This article is co-authored with Dr Arthur Mynett who is Professor of Hydraulic Engineering and Head of the Department of Water Science Engineering at UNESCO-IHE in Delft.
Last month, UK Labour Party Leader Ed Miliband rightly described the recent waves of UK flooding as a "national security" issue. The wettest January in the country for some 250 years left much of the South-West under water. Recent events of extreme, prolonged rainfall, together with river and coastal flooding in Asia across to continental Europe have also been the worst on record.
Increasing evidence and scientific analysis is showing why these events are associated with human induced climate change. The related impacts are becoming more widespread and complex, affecting society from health issues to agriculture, from transportation to economics, and becoming more severe, long-lasting and costly with increasing frequency.
To be sure, following the UK floods in 2007 and the Pitt report in 2009, improved collaboration between the Met Office and Environment Agency has led to more accurate and effective forecasts and warnings about floods. However, unprecedented disruption and damage to infrastructure and agriculture following recent floods underlines that a new financial, engineering and management strategy is needed for UK water management. This should be integral to the general improvement of UK infrastructure, recently proposed in the report by Sir John Armitt.
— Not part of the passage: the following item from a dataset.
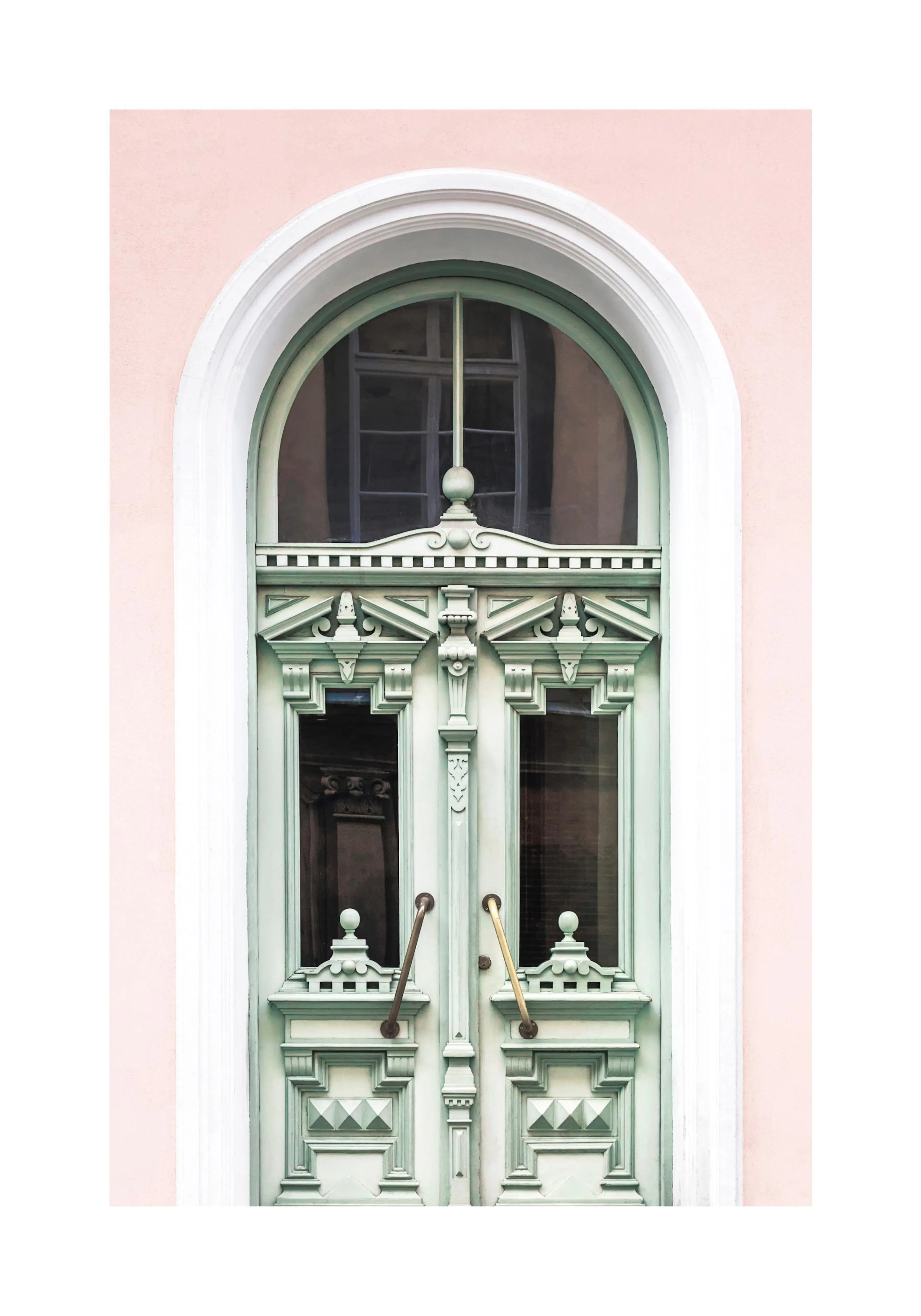 Un poster di unantica porta verde menta con intagli dettagliati e maniglie in ottone, incorniciata da un muro rosa chiaro.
From our experiences of the science and management of hydrological and meteorological natural disasters, the UK could learn greatly from the Dutch experience in planning and design of effective water systems for their contribution to agriculture, transport and above all defence against flooding (whose effects can be catastrophic given that large areas of the Netherlands are below sea level). Like the vulnerable area of South-West England, flooding in the Netherlands can come from the sea, as during the 1953 floods, and also from intense rainfall in the upstream catchment areas of the Rhine-Meuse river systems coming from Switzerland, Germany, France and Belgium.
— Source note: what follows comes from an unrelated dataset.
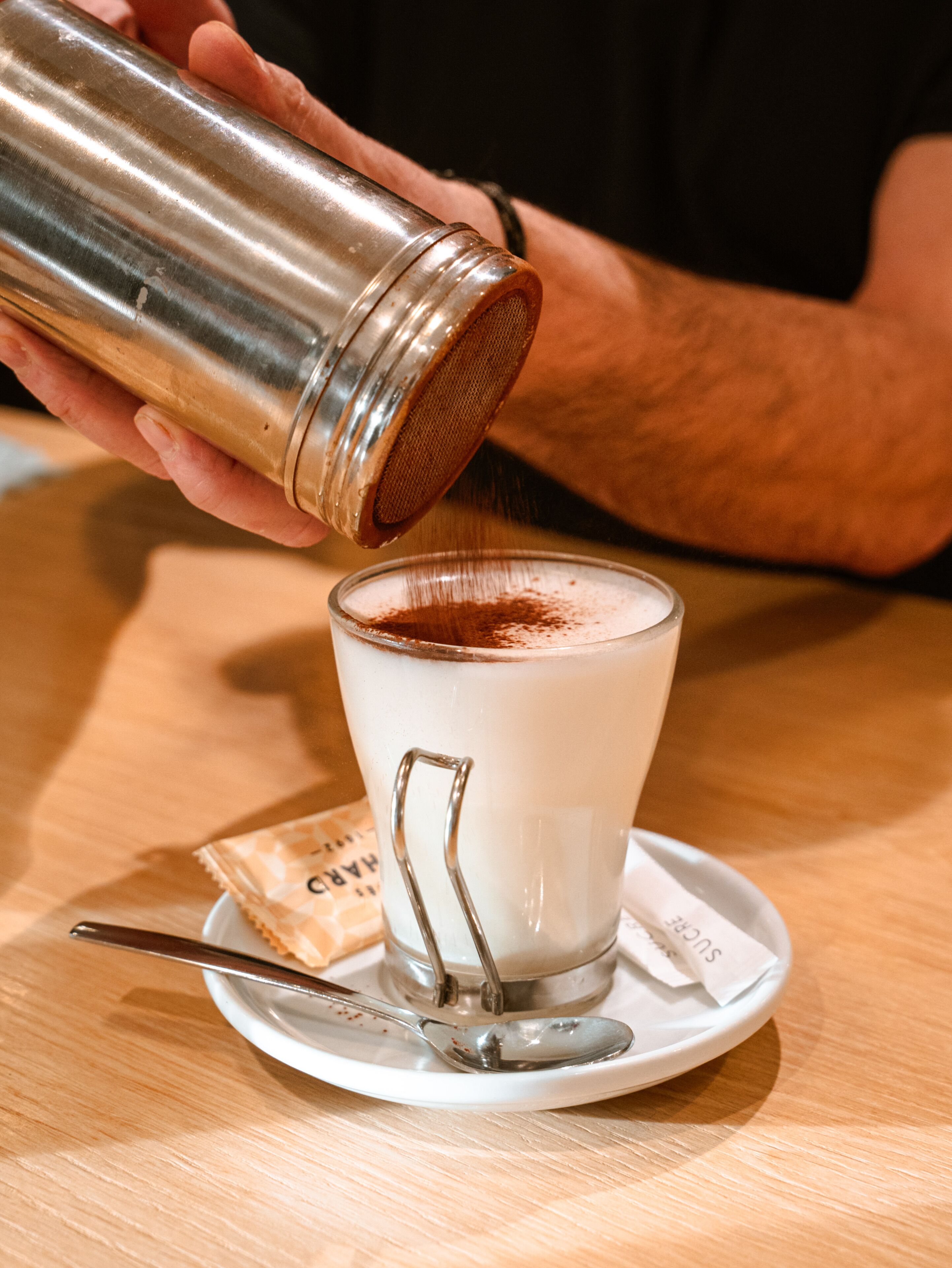 Una persona vertiendo una bebida en un vaso con un colador metálico.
The country has learned how to protect against flooding and developed a sophisticated system of almost 3,800 kilometres of flood defences, including earthen levees along the main rivers as well as sand dunes, coastal dikes and five major coastal protection works and storm surge barriers along the coast.
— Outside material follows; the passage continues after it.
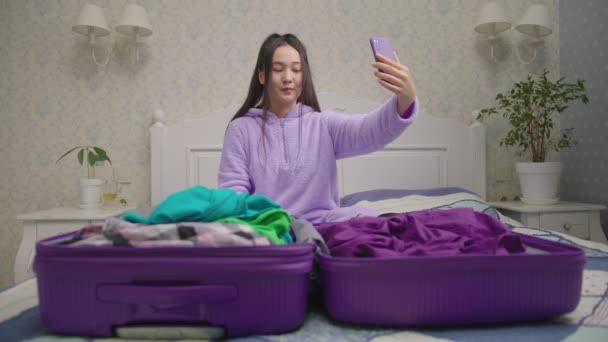 Glimlachende Aziatische vrouw pakt koffer en praat op mobiele telefoon videogesprek. Vrouw kijkt uit naar komende vakantie. — Stockvideo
The first component is a primary sea defence system constructed as a system of closure works and Storm Surge Barriers in the tidal inlets in the South-West Delta. It is connected by a system of natural dunes and man-made sea dikes that are capable of withstanding 1 in 10,000 year flood events.
The Delta Works were completed in the mid-1980s and have withstood higher North Sea storm surges than in 1953 without any problems. Based on studies of future sea level rises and storms associated with climate change, there are plans to raise the dikes by 1-3 metres over the next 100 years.
The Dutch use flood defences to improve harbours and river transportation systems; they build on their tradition of wind mills on dykes to construct modern wind turbines on top of new concrete dykes. This is more cost effective than constructing isolated wind turbines each with their own foundations, saving about 40% of their construction cost.
The second part of the Dutch strategy is a special river flood protection programme: 'Room for the River' introduced after the near-disasters during the 1993-1995 Rhine-Meuse river floods. As the United Kingdom is now urgently considering, flood planes were widened, side channels were dredged, meanders restored, and dikes raised to increase storage capacity of dealing with increasing river floods.
The Dutch government continues to develop and implement measures to deal with expanding cities, industrial growth and potential effects of climate change. And, it is putting aside about 0.5% of GDP annually into a Delta Fund to develop and implement measures to deal with effects of climate change and to prepare for more extreme events in future.
What the Dutch experience shows is that it is key to keep drainage systems up to par, which involves infrastructure (the drainage network) and the drainage capacity (pumps, storage basins etc). Much Dutch money spent on water management goes into the maintenance and operation of these systems.
Of course the United Kingdom learnt from the Dutch experience of combining a strong national agency -- Rijkswaterstaat -- for water management when the Environment Agency was established in place of the former Rivers Authorities. However the Netherlands retains a strong regional system even with local taxation.
As the United Kingdom continues to move toward devolved administration, this might include more local involvement again in water management. Internationally, operational collaboration in hydrology is vital for flood movements between the Netherlands and Germany.
This is also important for the United Kingdom where rivers connect Northern Ireland and the Republic of Ireland. But equally important for UK flood warnings is European collaboration, satellites, weather radar and computer forecasting producing increasingly accurate predictions about rainfall, waves and flood surges.
International collaboration through UN agencies, which have contributed in the past to effective sharing of data, now needs to focus on extreme flood events around the world, by enlarging the UNESCO International Hydrological programme and International Oceanographic Commission, and the World Meteorological Office programme on operational hydrology. The United Kingdom and Netherlands should take a lead role here.
The United Kingdom should also look at the progress of research at Delft University and the Delft Research Programmes which invented the methods now used worldwide, including by the Met Office for forecasting the huge waves being driven on shore in recent storms. While the United Kingdom has excellent university and fundamental science laboratories, the Government could also learn from Dutch policies semi-privatising leading government environmental laboratories, without losing their world class status, because the country's Treasury continued to provide a vital element of government funding for advancing science and technology.